All entries are to be transcribed verbatim, but images are not carried over.

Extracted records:
------------------------------------------------------------

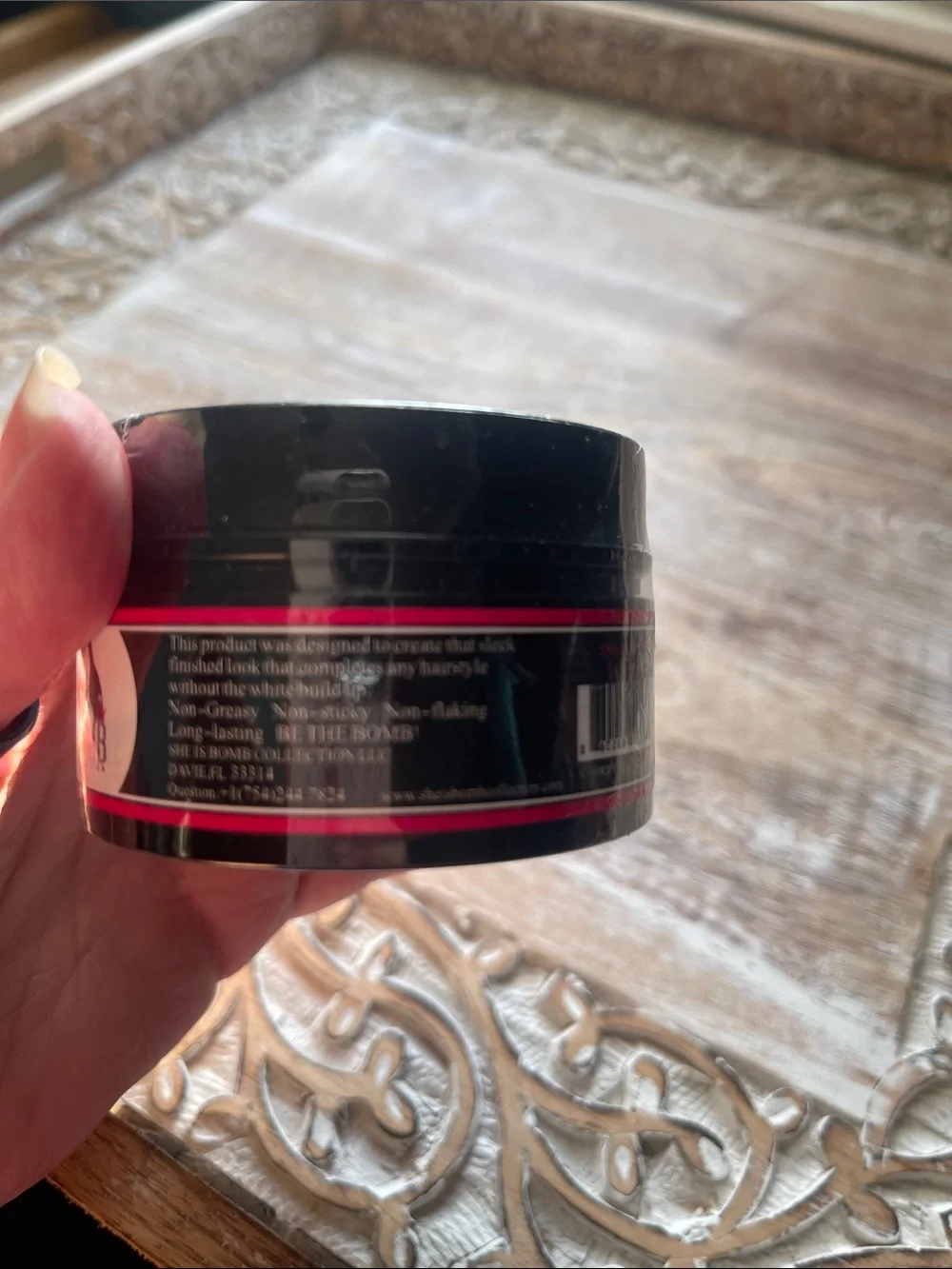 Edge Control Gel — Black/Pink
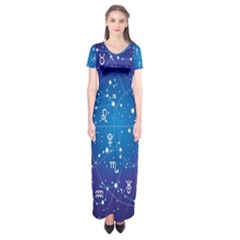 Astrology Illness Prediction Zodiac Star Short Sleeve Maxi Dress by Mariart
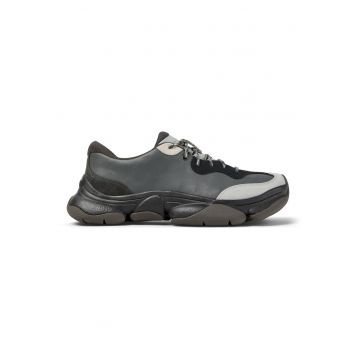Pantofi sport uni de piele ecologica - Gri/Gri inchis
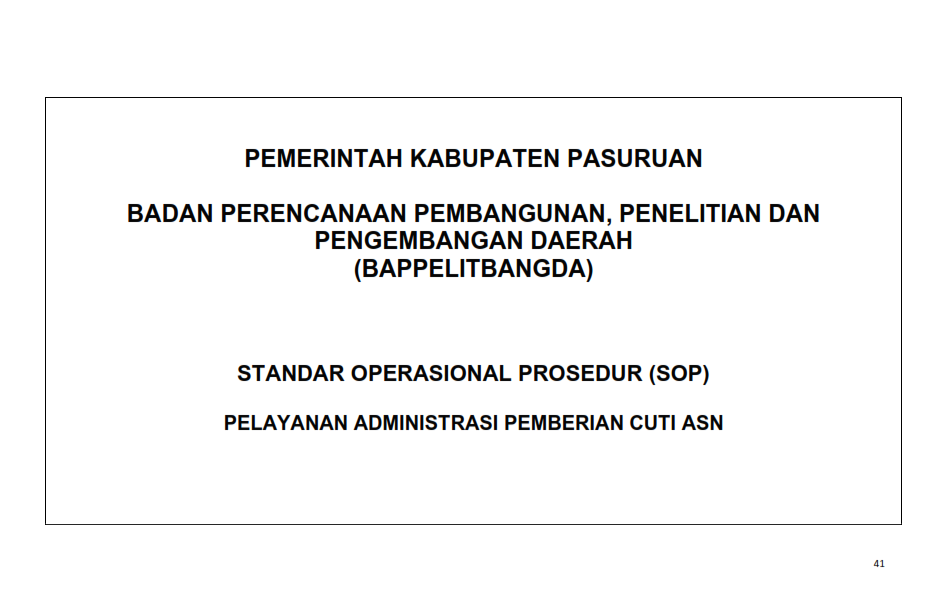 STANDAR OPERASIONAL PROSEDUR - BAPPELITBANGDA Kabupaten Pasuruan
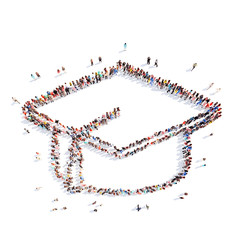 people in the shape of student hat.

------------------------------------------------------------

OUTPUT OF THE TASK:
 Edge Control Gel — Black/Pink
 Astrology Illness Prediction Zodiac Star Short Sleeve Maxi Dress by Mariart
Pantofi sport uni de piele ecologica - Gri/Gri inchis
 STANDAR OPERASIONAL PROSEDUR - BAPPELITBANGDA Kabupaten Pasuruan
 people in the shape of student hat.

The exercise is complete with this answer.